Capítulo Nove Sim, eu gosto de crianças
Após duas horas de viagem, Haina não sentia o menor cansaço.
Conforme deixavam o centro da cidade de Ilha de Vidro, capital do reino, especialmente o bairro das Rainhas Vermelha e Branca, as fábricas fumegantes e os trens velozes tornavam-se cada vez mais numerosos.
A névoa densa e sufocante misturava-se ao cheiro de peixe e camarão, o som das buzinas dos navios entrelaçava-se aos pregões dos vendedores ambulantes. O aroma de pão recém-assado escapava das padarias na rua, enquanto pessoas de casacos grossos e chapéus passavam apressadas. Artistas decadentes, de boina, sentavam-se à beira da calçada, desenhando os altos prédios escurecidos do outro lado da rua, reproduzindo também os tubos metálicos que se enrolavam como serpentes ao redor das paredes das fábricas. Inspetores com armaduras prateadas sobrevoavam montados em grifos brancos, imponentes, com mais de dois metros de altura.
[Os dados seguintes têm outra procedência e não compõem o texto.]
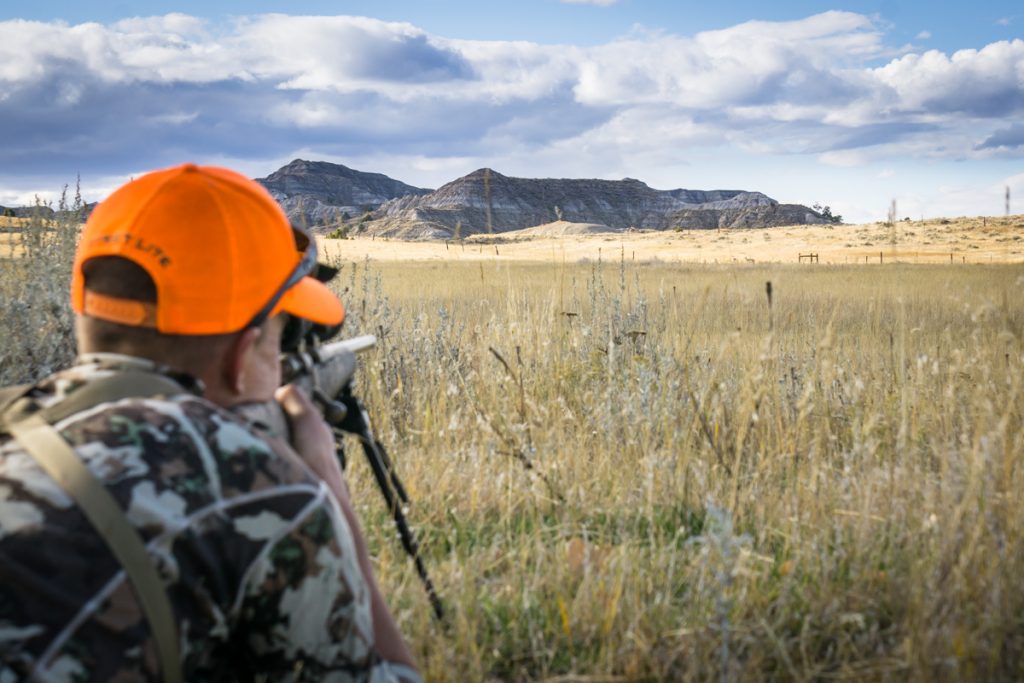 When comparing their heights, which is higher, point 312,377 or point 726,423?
point 312,377

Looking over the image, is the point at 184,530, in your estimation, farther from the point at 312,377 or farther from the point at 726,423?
the point at 726,423

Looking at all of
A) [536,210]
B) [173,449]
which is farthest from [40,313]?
[536,210]

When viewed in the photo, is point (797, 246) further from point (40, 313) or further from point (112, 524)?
point (112, 524)

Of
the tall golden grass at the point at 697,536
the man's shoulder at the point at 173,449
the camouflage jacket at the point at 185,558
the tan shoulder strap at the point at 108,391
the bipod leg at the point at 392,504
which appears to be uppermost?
the tan shoulder strap at the point at 108,391

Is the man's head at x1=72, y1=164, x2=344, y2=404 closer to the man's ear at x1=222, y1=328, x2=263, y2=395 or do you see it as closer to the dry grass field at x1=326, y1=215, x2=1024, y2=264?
the man's ear at x1=222, y1=328, x2=263, y2=395

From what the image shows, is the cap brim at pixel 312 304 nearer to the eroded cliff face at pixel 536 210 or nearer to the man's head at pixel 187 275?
the man's head at pixel 187 275

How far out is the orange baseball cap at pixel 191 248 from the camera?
4.51ft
Um garoto de cabelos curtos e avermelhados, por volta de onze ou doze anos, carregando dois maços de jornais, gritava na esquina:
"Notícias de hoje do Degraus de Vidro! O bispo Mathers da paróquia da Rainha Vermelha foi recentemente nomeado parlamentar espiritual por Sua Majestade! Agora já são seis os parlamentares espirituais vindos da Igreja!
"O ministro da Fazenda planeja taxar fósforos e lampiões a querosene no próximo ano! O Reino de Estígio Estelar expulsou três cavaleiros de Avalon sob acusação de homicídio, espionagem e interferência em assuntos internos; Sua Majestade condena veementemente!"
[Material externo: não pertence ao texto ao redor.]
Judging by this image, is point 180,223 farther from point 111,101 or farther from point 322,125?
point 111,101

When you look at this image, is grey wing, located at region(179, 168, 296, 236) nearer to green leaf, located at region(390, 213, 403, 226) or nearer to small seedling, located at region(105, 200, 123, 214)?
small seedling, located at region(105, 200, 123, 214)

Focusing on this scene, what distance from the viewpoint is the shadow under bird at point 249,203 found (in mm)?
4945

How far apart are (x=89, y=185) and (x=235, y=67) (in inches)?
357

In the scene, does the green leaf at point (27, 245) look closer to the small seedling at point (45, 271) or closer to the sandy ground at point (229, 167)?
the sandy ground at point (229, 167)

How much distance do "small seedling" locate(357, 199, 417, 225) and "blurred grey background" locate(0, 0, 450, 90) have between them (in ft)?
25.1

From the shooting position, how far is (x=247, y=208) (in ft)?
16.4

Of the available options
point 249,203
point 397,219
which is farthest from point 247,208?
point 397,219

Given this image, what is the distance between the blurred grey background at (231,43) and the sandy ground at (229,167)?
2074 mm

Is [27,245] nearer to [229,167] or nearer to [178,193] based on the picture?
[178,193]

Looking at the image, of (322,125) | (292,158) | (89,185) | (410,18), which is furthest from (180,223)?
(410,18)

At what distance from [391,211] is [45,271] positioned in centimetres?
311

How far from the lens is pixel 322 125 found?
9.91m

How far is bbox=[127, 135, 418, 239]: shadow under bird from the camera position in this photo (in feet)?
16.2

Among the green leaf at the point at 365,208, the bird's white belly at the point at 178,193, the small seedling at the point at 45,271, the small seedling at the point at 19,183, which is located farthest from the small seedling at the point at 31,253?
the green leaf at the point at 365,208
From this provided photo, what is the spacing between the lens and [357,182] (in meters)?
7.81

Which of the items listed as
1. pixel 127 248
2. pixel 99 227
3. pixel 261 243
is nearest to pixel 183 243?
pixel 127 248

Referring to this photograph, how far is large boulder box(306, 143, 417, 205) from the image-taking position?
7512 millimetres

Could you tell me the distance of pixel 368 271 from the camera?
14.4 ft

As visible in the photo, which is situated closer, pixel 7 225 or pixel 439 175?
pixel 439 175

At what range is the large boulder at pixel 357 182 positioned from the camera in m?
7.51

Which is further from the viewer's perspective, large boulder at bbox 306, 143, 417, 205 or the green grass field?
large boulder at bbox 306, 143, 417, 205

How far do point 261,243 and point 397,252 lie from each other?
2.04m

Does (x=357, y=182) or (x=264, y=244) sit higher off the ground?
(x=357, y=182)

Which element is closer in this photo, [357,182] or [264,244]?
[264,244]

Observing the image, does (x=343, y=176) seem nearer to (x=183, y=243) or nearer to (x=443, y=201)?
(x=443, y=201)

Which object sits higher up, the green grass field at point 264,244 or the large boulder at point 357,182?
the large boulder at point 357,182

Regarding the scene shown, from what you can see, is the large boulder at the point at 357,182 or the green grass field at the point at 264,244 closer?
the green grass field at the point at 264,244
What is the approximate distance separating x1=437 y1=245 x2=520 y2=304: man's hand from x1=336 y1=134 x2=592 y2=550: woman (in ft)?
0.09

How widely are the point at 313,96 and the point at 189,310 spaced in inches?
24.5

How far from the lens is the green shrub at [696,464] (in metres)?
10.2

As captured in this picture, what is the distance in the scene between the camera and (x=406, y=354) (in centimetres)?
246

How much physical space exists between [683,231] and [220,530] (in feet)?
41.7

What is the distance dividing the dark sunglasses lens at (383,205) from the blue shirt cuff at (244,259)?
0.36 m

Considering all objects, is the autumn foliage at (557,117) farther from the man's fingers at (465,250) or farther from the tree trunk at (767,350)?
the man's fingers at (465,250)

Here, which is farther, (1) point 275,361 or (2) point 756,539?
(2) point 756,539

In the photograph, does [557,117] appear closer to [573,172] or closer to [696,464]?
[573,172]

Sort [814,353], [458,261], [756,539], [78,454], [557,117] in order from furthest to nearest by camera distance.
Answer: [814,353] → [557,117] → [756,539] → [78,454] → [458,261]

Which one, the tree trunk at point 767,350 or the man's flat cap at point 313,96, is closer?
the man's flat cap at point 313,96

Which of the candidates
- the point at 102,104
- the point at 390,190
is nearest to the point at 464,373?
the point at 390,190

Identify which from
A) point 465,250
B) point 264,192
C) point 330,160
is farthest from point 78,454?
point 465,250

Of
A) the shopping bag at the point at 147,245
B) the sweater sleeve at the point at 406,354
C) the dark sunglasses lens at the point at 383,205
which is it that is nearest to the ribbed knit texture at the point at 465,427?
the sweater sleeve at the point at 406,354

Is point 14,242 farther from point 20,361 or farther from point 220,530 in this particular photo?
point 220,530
A maior parte dos jornais do Degraus de Vidro já tinha sido vendida, restando apenas alguns exemplares. As cordas deviam ser apertadas ao máximo para que não escorregassem do ombro.
O outro maço de jornais, no entanto, pouco mais de um quarto havia sido vendido.
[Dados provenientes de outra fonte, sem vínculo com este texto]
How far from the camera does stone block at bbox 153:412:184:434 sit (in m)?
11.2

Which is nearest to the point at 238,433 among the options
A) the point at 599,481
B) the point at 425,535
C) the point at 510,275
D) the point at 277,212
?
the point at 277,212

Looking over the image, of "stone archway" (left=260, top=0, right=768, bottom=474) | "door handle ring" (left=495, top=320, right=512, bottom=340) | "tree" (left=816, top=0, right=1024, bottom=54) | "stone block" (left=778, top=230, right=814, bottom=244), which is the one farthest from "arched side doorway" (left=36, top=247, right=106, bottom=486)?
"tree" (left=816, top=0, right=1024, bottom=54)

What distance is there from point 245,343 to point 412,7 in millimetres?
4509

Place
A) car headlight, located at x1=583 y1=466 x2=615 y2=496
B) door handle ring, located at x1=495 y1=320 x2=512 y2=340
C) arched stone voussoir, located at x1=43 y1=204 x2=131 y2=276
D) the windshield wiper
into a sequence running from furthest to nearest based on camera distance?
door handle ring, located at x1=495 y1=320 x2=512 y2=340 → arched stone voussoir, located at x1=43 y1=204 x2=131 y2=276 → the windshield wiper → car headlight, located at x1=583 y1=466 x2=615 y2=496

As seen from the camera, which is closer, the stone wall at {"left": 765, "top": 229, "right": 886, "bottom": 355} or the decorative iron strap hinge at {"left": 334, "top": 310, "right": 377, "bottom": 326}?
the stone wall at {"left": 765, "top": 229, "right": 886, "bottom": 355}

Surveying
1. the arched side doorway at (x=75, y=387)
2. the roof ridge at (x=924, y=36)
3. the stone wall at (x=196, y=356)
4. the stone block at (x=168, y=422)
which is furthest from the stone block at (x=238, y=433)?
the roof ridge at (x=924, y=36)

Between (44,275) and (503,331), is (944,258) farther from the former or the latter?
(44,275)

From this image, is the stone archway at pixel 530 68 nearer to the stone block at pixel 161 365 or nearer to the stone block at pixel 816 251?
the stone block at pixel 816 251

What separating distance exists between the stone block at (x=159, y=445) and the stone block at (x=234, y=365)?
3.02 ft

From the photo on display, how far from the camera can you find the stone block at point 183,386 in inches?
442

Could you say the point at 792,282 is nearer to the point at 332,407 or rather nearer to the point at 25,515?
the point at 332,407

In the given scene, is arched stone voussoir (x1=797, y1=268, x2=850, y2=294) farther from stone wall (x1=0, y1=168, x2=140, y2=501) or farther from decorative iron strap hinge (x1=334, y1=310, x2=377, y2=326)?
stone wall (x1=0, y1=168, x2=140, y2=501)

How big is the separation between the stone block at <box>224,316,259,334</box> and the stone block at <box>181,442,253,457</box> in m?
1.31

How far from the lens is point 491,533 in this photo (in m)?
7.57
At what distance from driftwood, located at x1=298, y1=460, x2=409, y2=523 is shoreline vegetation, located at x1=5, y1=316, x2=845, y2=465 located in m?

Com os lábios rachados, o garoto anunciava em voz alta: "O Semanário Louhe por apenas cinco moedas vermelhas—O Dia da Forca se aproxima, já saiu a lista dos condenados à morte de novembro! Trinta e oito pessoas serão executadas este mês, o segundo maior número dos últimos três anos, lista completa dos sentenciados!
"A fábrica de gesso de Nikas, na zona portuária, está recrutando aprendizes pela terceira vez, idade mínima reduzida para quatorze anos!
"Um pintor da Rua Flauta Verde se suicidou em casa na semana passada! O Banco do Porto Louhe foi assaltado ontem, todos os ladrões já foram presos! Venham ver! Só cinco moedas vermelhas—"
"Senhora veterana."
Aivás falou de repente: "Compre dois jornais para mim."
"Hã?" Haina se surpreendeu. "O Degraus de Vidro não chega sempre na sua casa? Quer comprar um Semanário Louhe?"
"Não, quero os dois", Aivás insistiu.
"Ah, entendi."
Haina enfim percebeu: Aivás, ao notar o esforço do garoto, queria ajudá-lo a acabar logo o trabalho.
"Já é quase meio-dia, ninguém mais vai comprar. Além disso, aqui é a zona de Louhe, só tem marinheiros, pescadores e operários, gente que não tem dinheiro para jornal."
Ela murmurou: "Se quiser, eu compro todos."
"Não, basta um de cada", retrucou Aivás, balançando a cabeça. "Esse menino está trabalhando, não pedindo esmola."
"Entendi", respondeu Haina, com respeito.
Ela assentiu com seriedade, instruindo: "Vou buscar os jornais, tome cuidado."
Aivás abriu os olhos e fez um leve aceno.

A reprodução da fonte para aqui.